The next Cat Power record will almost certainly return to the original songs realm, and Marshall has been writing tunes of a particularly personal nature following her grandmother’s sudden death just before the start of the pandemic. “She was the love of my life, besides my son. She was my best friend my whole life,” Marshall relates. “This whole pandemic, not having her to talk to was really, really difficult. When I would get some time I wrote about eight songs — when my son was playing. They’re just me communicating to her.”
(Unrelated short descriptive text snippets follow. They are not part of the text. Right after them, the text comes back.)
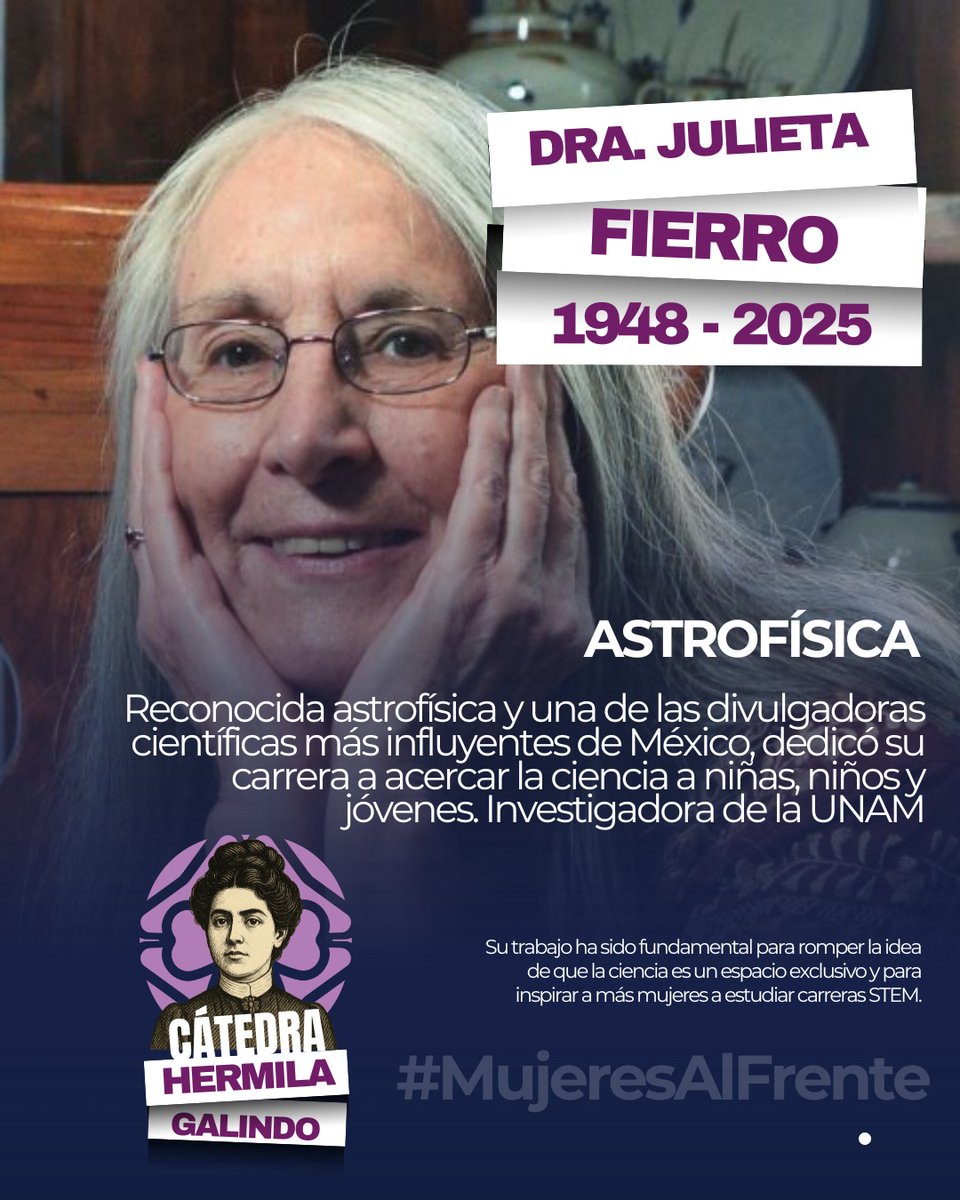 Cátedra Hermila Galindo tweet media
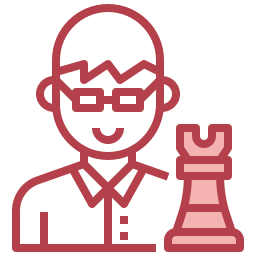 Chess player icon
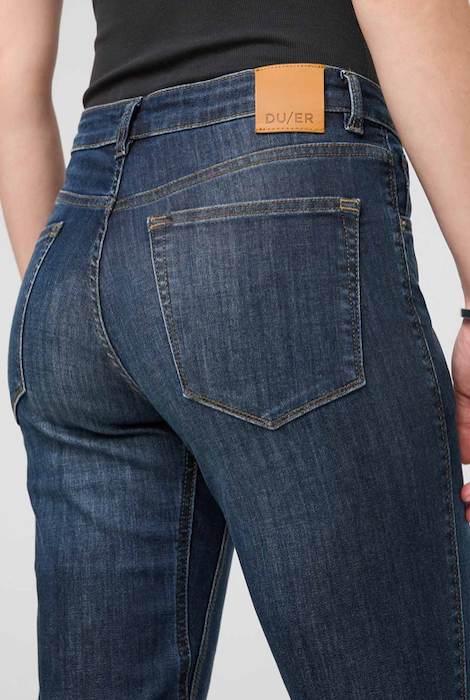 DUER PERFORMANCE GIRLFRIEND JEAN HERITAGE BLUE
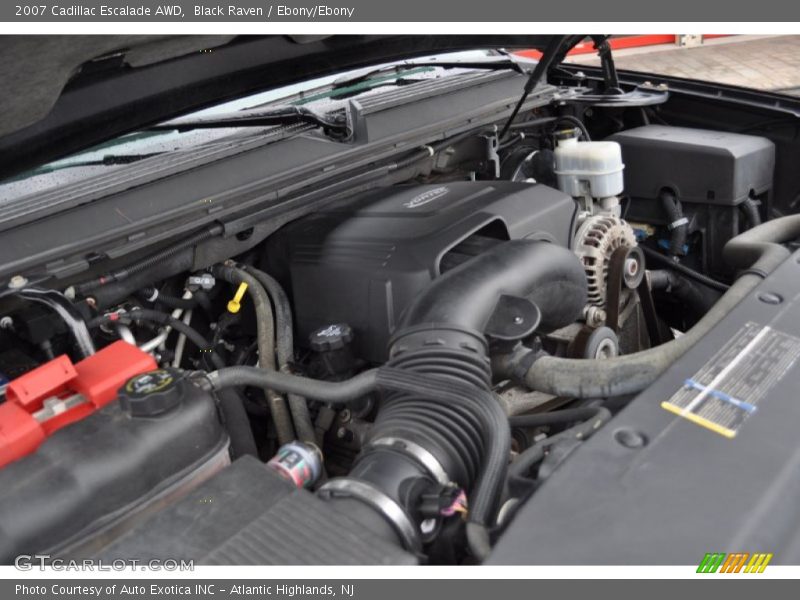 Black Raven / Ebony/Ebony 2007 Cadillac Escalade AWD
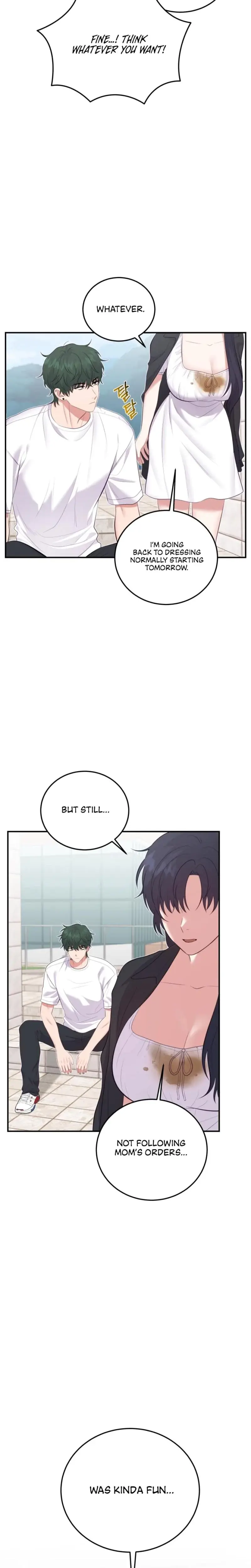 Show Me Your Fangs Chapter 8 - Page 6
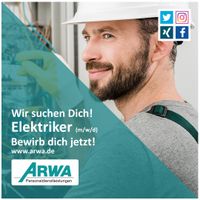 Elektriker (m/w/d) - ARWA Halle S. Sachsen-Anhalt - Halle Vorschau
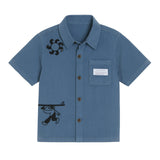 Chemise Aots Ty 1-8ans-Rip Curl-Bleu-1-2-CUR-00PTSH-CLÉMENT
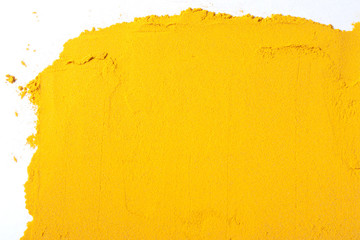 Yellow Texture made from turmeric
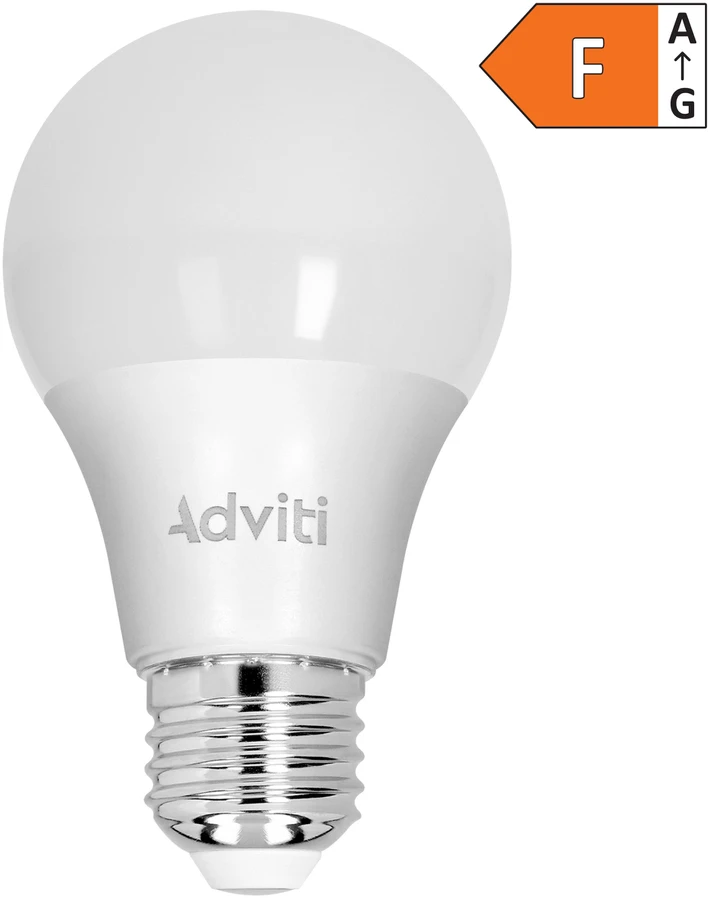 Żarówka LED lempute lemputė E27 A60 7W 630lm 4000K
The Georgian misses much of Atlanta, past and present, in addition to her grandmother. “I miss James Brown playing every summer on Auburn Avenue,” she muses. “I miss Piedmont Park, funk music, the roller skating. I miss riding my bike everywhere. So when I’m around Atlanta, every street there’s a memory that I love. Every avenue there’s an apartment that I was in.” She does catch up with family and old friends whenever she’s in town.
“Everything just comes back to Atlanta for me, and it always will, I think,” concludes Marshall.
CONCERT PREVIEW
Cat Power
8 p.m. April 13. $20-$79. Variety Playhouse, 1099 Euclid Ave. NE, Atlanta. 404-876-5566, variety-playhouse.com.